Version: 1.5 (March 2022)

Abstract¶

Synthetix is a decentralized synthetic asset issuance protocol built on Ethereum and Optimistic Ethereum (a layer two scaling solution built on Ethereum). These synthetic assets are collateralized by the Synthetix Network Token (SNX) which when locked in the contract enables the issuance of synthetic assets (Synths). This pooled collateral model allows users to perform conversions between Synths directly with the smart contract, avoiding the need for counterparties. This mechanism solves the liquidity and slippage issues experienced by DEX’s. Synthetix currently supports synthetic fiat currencies, cryptocurrencies (long and short) and commodities. SNX holders are incentivized to stake their tokens as they are paid a pro-rata portion of the fees generated through activity on Synthetix from integrators (Kwenta, Lyra, Curve, dHEDGE, and many others). It is the right to participate in the network and capture fees generated from Synth exchanges, from which the value of the SNX token is derived. Trading on the Synthetix infrastructure does not require the trader to hold SNX.

Many protocols have built ontop of the Synthetix infrastructure. These include but are not limited to, Kwenta which offers perpetual futures and spot exchanges, Lyra which offers options trading, Curve which offers cross asset swaps, and dHEDGE which allows traders to pool capital and offer a decentralized hedge fund service.

SNX as collateral¶

How SNX backs Synths

All Synths are backed by SNX tokens. Synths are minted when SNX holders stake their SNX as collateral using the Synthetix Staking application, a decentralized application for interacting with the Synthetix contracts. Synths are currently backed by a 400% collateralization ratio , although this may be raised or lowered in the future through community governance mechanisms. SNX stakers incur debt when they mint Synths, and to exit the system (i.e. unlock their SNX), they must pay back this debt by burning Synths.

Synthetix also currently uses Ether as an alternative form of collateral. This means traders can borrow Synths against their ETH and begin trading immediately, rather than needing to sell their ETH. Staking ETH requires a collateralization ratio of 150% and creates a debt denominated in ETH, so ETH stakers mint sETH rather than sUSD and do not participate in the ‘pooled debt’ aspect of the system. In this model, ETH stakers do not receive fees or rewards as they take no risk for the debt pool.

Why SNX holders stake

SNX holders are incentivized to stake their SNX tokens in many ways. Firstly, there are exchange rewards. These are generated whenever someone exchanges one Synth to another (i.e. on Kwenta Perpetual Futures). Each trade generates an exchange fee that is sent to a fee pool, available for SNX stakers to claim their proportion each week. This fee is between 10-60 bps (0.1% - .6%, though typically 0.3%), and will be displayed during any trade. The other incentive for SNX holders to stake/mint is SNX staking rewards, which comes from the protocol’s inflationary monetary policy. As of February of 2022, the Synthetix inflationary system is derived from a target staking ratio. This change introduces a target ratio for staking of 85%. It then adjusts the inflation weekly up or down by 10% depending on whether the staking ratio is below or above the target ratio to incentivize stakers to hit this target. If it is between 80-90%, then inflation is decreased by 5%. These SNX tokens are distributed to SNX stakers weekly on a pro-rata basis provided their collateralization ratio does not fall below the target threshold.
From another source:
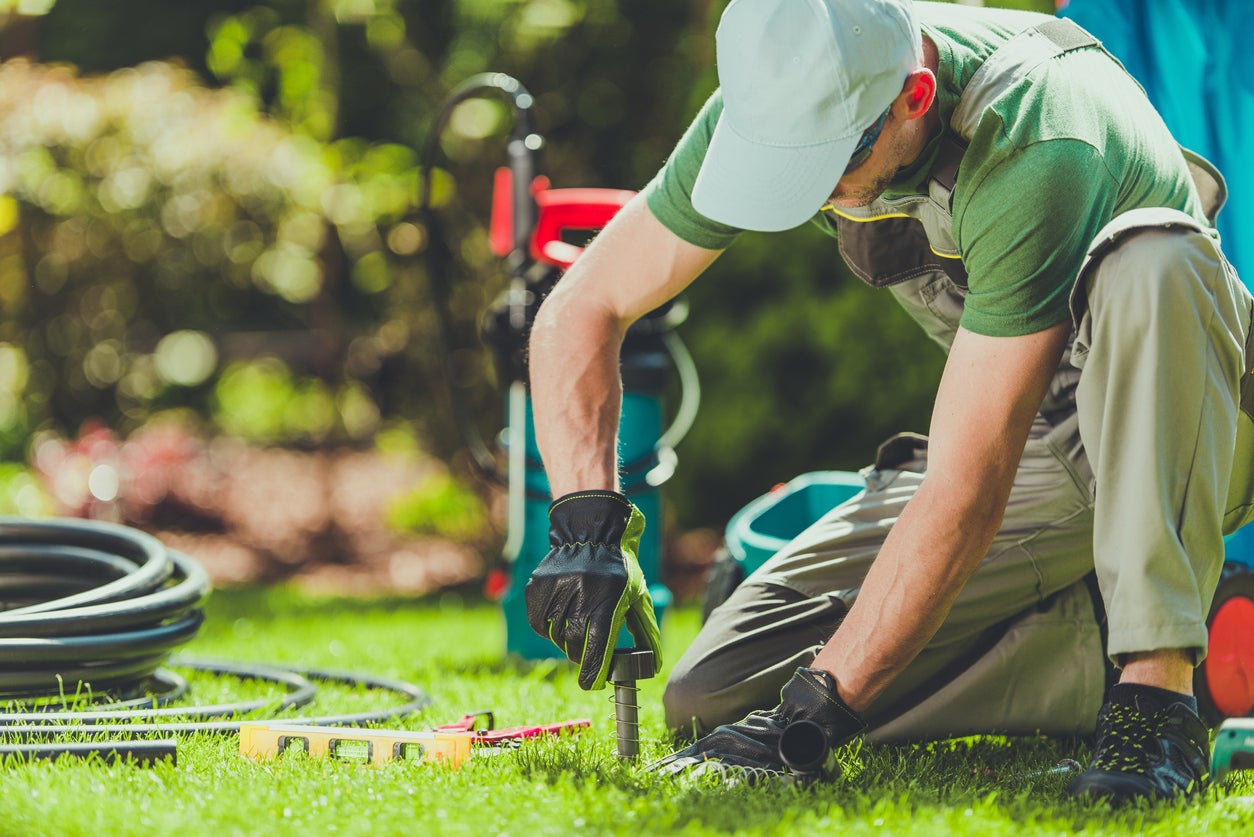 A Comprehensive Guide to Caring for Your Irrigation System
Minting, burning, and the C-Ratio

The mechanisms above ensure SNX stakers are incentivized to maintain their Collateralisation Ratio (C-Ratio) at the optimal rate (currently 400%). This ensures Synths are backed by sufficient collateral to absorb large price shocks. If the value of SNX or Synths fluctuates, each staker’s C Ratio will fluctuate. If it falls below 400% (although there is a small buffer allowing for minor fluctuations), they will be unable to claim fees until they restore their ratio. They adjust their ratio by either minting Synths if their ratio is above 400%, or burning Synths if their ratio is below 400%.

Stakers, debt, and pooled counterparties

SNX stakers incur a ‘debt’ when they mint Synths. This debt can increase or decrease independent of their original minted value, based on the exchange rates and supply of Synths within the network.

For example, if 100% of the Synths in the system were synthetic Bitcoin (sBTC), which halved in price, the debt in the system would halve, and each staker’s debt would also halve. This means in another scenario, where only half the Synths across the system were sBTC, and BTC doubled in price, the system’s total debt—and each staker’s debt—would increase by one quarter.

In this way, SNX stakers act as a pooled counterparty to all Synth exchanges; stakers take on the risk of the overall debt in the system. They have the option of hedging this risk by taking positions external to the system. By incurring this risk and enabling trading on Synthetix stakers earn a right to fees generated by the system.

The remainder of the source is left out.